Effect of shading by Ulva rigida canopies on growth and carbon balance of the seagrass Zostera noltii

The effects of macroalgae blooms on seagrasses were assessed by shading Zostera noltii Hornem. with Ulva rigida C. Agardh mats under laboratory and field conditions. In the laboratory, where there was no direct contact between U. rigida and Z. noltii, leaf, rhizome, and root elongation rates, as well as gross production, declined as a function of U. rigida layers, causing a mobilization of non-structural carbohydrates in both above- and belowground tissues to meet carbon demands. However, when shading was performed in the field, where direct contact exists between Z. noltii and U. rigida, Z. noltii responses were not proportional to the number of Ulva layers. Elongation rates and gross production were reduced by U. rigida shading, with the lowest values under 2 Ulva layers, while there were no significant differences between controls and 4 U. rigida layers. This suggests another Ulva effect occurs besides shading.
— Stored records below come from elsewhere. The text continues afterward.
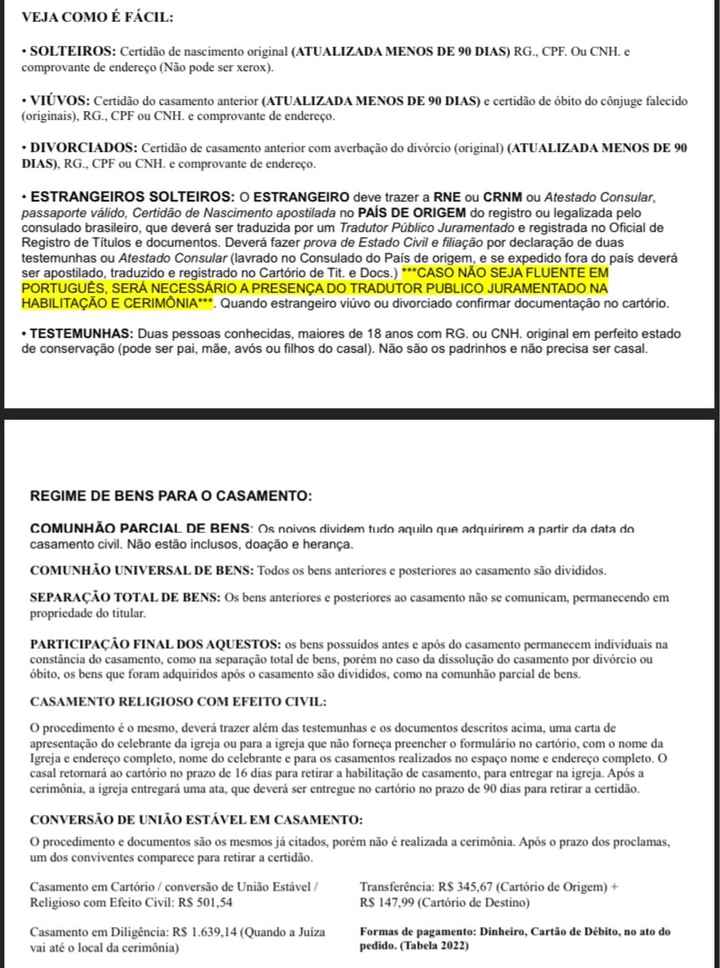 casamento no Cartório civil - Informaçoes - 1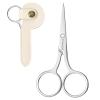Qianyu 2 Pcs Nose Hair Scissor Eyebrow Scissors Fine Straight Tip Beauty Grooming Scissors with sleeve for Trimming Facial Hair Mustache Beard Removal Men Women, Stainless Steel view 1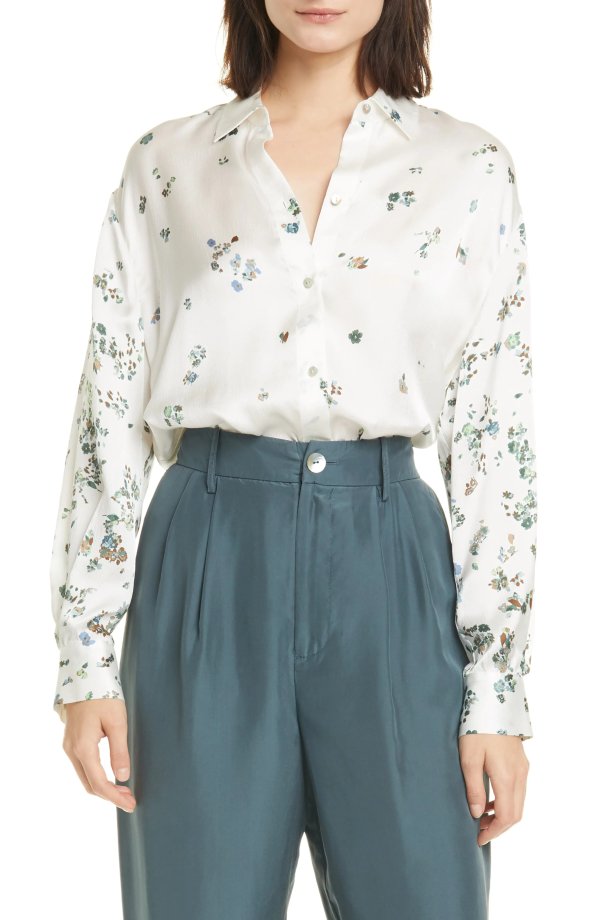Scattered Floral Silk Blouse
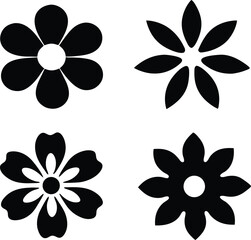 Obraz premium Flower icons set isolated on white background. Flower simple icon. Vector illustration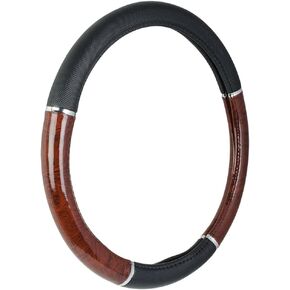 Custom Accessories 35710P Black Steering Wheel Cover with Woodgrain Design and Chrome Trim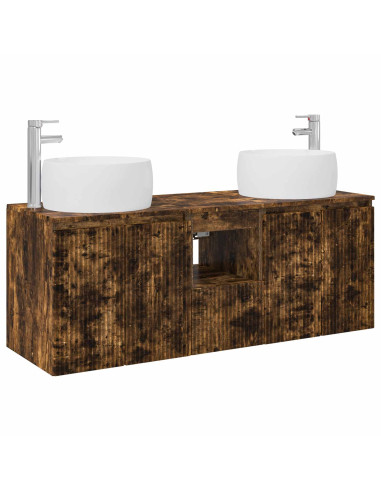Set di Armadi da Bagno 3 pz Rovere Fumo 49,5 x 44,5 x 66 cm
To test the likely effect of dissolved organic carbon (DOC) derived from U. rigida, Z. noltii plants were cultured under light limitation with radioactive dissolved organic carbon ((DOC)-C-14) released by U. rigida. Plants cultured under a full (DOC)-C-14 load showed a significant enhancement of growth. The (DOC)-C-14 disappeared from the culture medium during the first 4 d of culture as a linear function of external (DOC)-C-14 concentration. This was coupled to a linear increase of radioactive particulate organic carbon ((POC)-C-14) in aboveground tissues, while a substantial part of this (POC)-C-14 was allocated in belowground tissues. Overall, the (POC)-C-14 incorporated in Z. noltii plants represented ca. 20 to 25% of the (DOC)-C-14 which had disappeared. Therefore, a net transfer of (DOC)-C-14 from U. rigida to Z. noltii has been documented. Other additional possibilities, such as a light quality effect or other kind of signals (i.e. growth factors), are discussed.